» **Data under study**
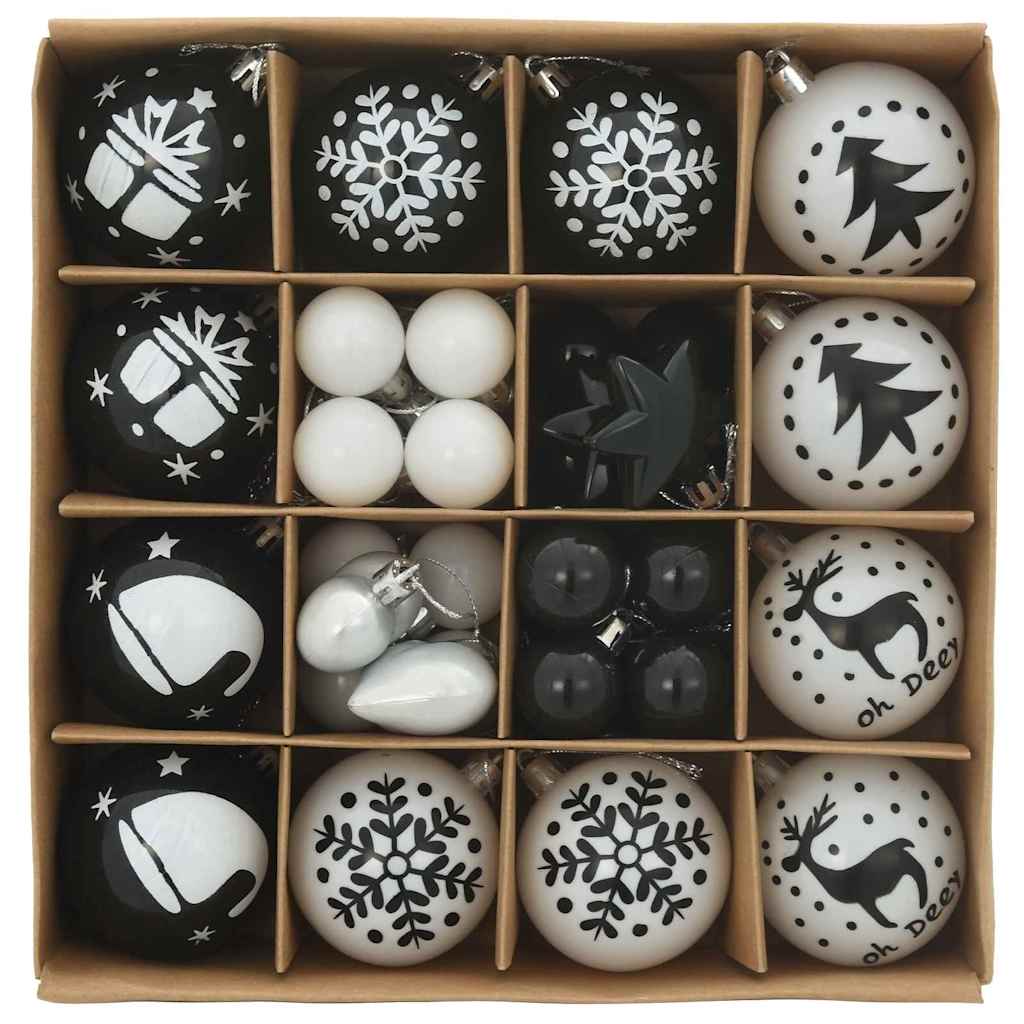 Weihnachtskugel-Set 40 pcs Schwarz und Weiß Kunststoff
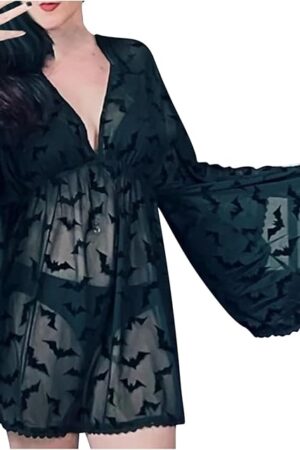 Womens Halloween Lingerie Bat Print Babydolls Chemises Set Sexy Nightgown Exotic Sleepwear Long Sleeve Kimono Robe Top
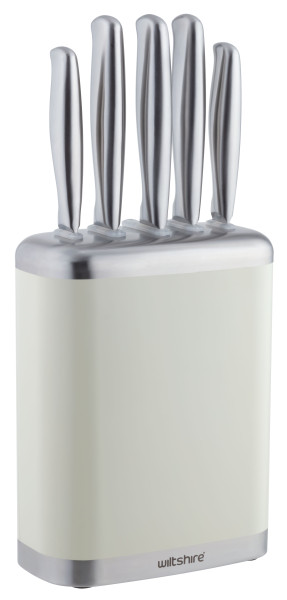 Knife Block 6-Piece Set - Ecru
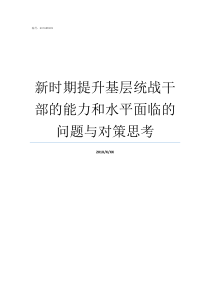 新时期提升基层统战干部的能力和水平面临的问题与对策思考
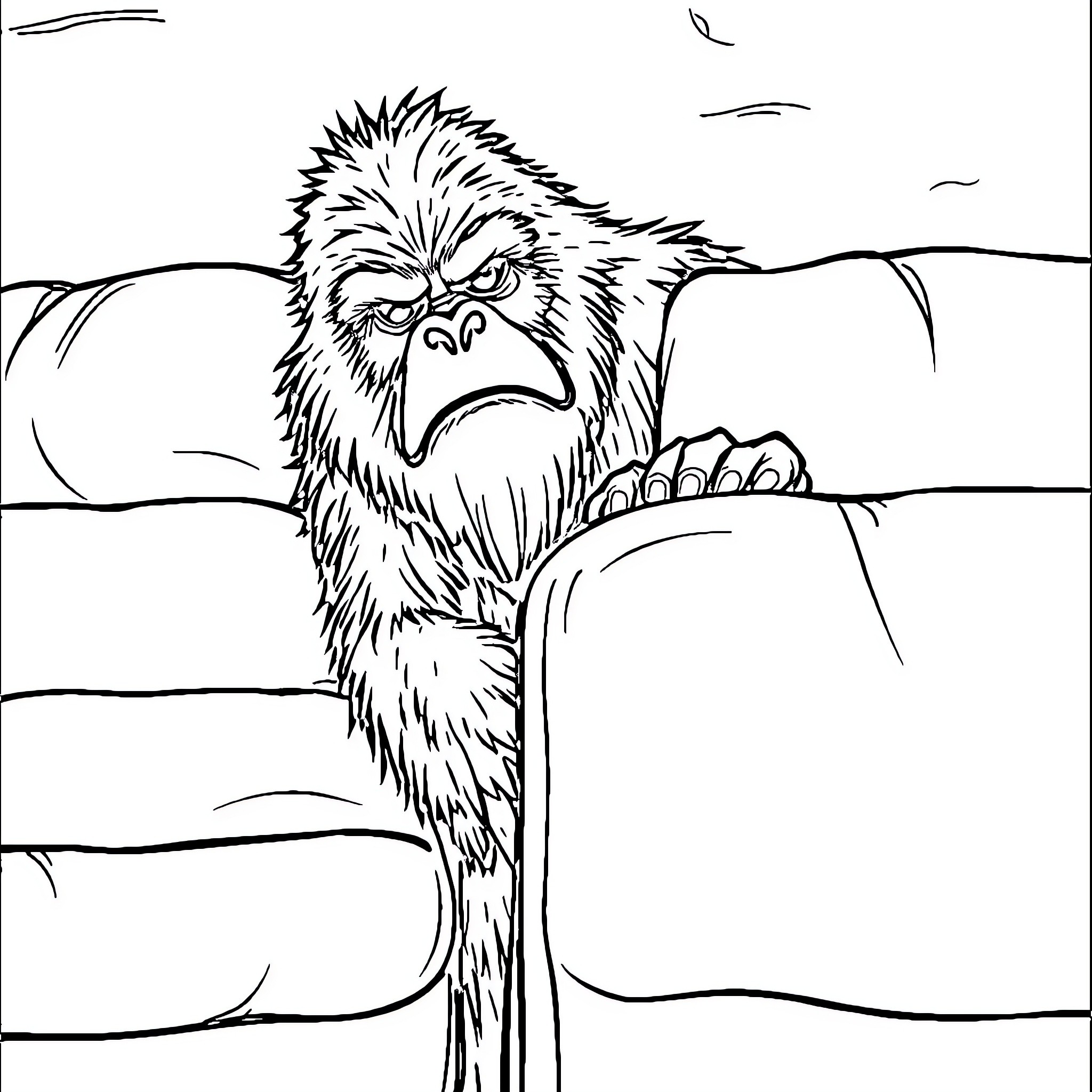 Bigfoot emerging from behind the rocks Coloring Page (free black-and-white line drawing printable PDF for all, from beginners to advanced learners, including children, teens, adults, and seniors)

» **Action item**
Once the pictures are set aside, give the rest of the material again unchanged.

» **Response for this exercise**
 Weihnachtskugel-Set 40 pcs Schwarz und Weiß Kunststoff
 Womens Halloween Lingerie Bat Print Babydolls Chemises Set Sexy Nightgown Exotic Sleepwear Long Sleeve Kimono Robe Top
 Knife Block 6-Piece Set - Ecru
 新时期提升基层统战干部的能力和水平面临的问题与对策思考
 Bigfoot emerging from behind the rocks Coloring Page (free black-and-white line drawing printable PDF for all, from beginners to advanced learners, including children, teens, adults, and seniors)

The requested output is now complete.